A seleção belga garantiu sua vaga nas oitavas de final com uma contundente vitória de 5 a 1 sobre a Nova Zelândia, assegurando o primeiro lugar do grupo. O técnico Rudi García destacou o desempenho de seus jogadores veteranos, como Kevin De Bruyne e Romelu Lukaku, que silenciaram as críticas com gols e liderança em campo.
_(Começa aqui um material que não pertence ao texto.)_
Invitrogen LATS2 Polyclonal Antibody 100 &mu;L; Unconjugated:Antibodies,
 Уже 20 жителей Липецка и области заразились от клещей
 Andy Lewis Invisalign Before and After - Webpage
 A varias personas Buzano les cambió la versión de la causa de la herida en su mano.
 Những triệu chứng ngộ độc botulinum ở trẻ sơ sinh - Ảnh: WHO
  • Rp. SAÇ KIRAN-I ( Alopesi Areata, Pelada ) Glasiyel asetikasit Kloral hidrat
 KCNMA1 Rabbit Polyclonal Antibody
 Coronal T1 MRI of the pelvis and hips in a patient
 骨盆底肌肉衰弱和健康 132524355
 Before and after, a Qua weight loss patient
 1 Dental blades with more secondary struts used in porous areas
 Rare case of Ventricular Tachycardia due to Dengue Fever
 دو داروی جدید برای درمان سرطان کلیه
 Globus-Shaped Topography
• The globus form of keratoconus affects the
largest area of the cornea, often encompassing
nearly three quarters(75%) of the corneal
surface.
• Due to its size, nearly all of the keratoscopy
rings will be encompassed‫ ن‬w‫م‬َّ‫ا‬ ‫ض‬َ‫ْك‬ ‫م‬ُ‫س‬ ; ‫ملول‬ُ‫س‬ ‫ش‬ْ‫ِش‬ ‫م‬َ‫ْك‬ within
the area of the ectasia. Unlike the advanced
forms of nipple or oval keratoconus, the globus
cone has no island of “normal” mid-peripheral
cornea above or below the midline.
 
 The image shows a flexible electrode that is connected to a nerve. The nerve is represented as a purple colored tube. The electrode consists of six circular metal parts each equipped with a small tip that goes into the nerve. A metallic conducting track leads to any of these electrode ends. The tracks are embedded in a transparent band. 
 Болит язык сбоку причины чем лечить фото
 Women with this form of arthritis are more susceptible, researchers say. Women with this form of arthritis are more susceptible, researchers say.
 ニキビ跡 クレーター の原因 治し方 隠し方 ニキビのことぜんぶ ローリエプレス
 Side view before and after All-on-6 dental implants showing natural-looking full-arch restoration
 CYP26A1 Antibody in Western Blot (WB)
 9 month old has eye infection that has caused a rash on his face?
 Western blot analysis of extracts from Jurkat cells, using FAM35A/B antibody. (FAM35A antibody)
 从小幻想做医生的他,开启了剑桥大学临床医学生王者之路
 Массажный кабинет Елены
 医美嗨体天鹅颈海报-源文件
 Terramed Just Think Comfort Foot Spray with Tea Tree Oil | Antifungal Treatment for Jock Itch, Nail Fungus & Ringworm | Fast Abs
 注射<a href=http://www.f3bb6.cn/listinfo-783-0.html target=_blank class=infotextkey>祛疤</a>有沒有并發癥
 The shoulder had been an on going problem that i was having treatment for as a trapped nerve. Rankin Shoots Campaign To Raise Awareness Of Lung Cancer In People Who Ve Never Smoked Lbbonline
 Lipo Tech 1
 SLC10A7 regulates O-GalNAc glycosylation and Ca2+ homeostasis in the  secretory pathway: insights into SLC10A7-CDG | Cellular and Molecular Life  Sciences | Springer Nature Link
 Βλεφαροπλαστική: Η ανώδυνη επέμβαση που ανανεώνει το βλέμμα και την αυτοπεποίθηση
Esse resultado reforça a ideia de que a experiência e o trabalho coletivo podem superar as dúvidas externas.
A veteranice como motor tático na era dos dados frios 🧠
Em um futebol dominado por métricas de desempenho e juventude, o caso belga demonstra que a veteranice continua sendo um fator diferencial. De Bruyne controlou o ritmo da partida com uma precisão de 92% nos passes, enquanto Lukaku finalizou jogadas com uma eficácia que nenhum algoritmo de scouting conseguiu prever. O sistema de Rudi García, baseado em transições rápidas e pressão alta, se beneficia da leitura de jogo que apenas anos de experiência podem proporcionar.
Os velhos roqueiros do futebol dão mais uma lição aos analistas de sofá 🎸
Enquanto os especialistas pediam sangue novo, De Bruyne e Lukaku entraram em campo como aqueles caras que no escritório resolvem o problema que os estagiários não entendem. A Nova Zelândia tentou pressionar, mas se deparou com um muro de veteranice que cheira a café e sabe a glória. No final, 5 a 1 e uma lição para quem acredita que a idade é um bug, quando na verdade é a feature mais bem otimizada.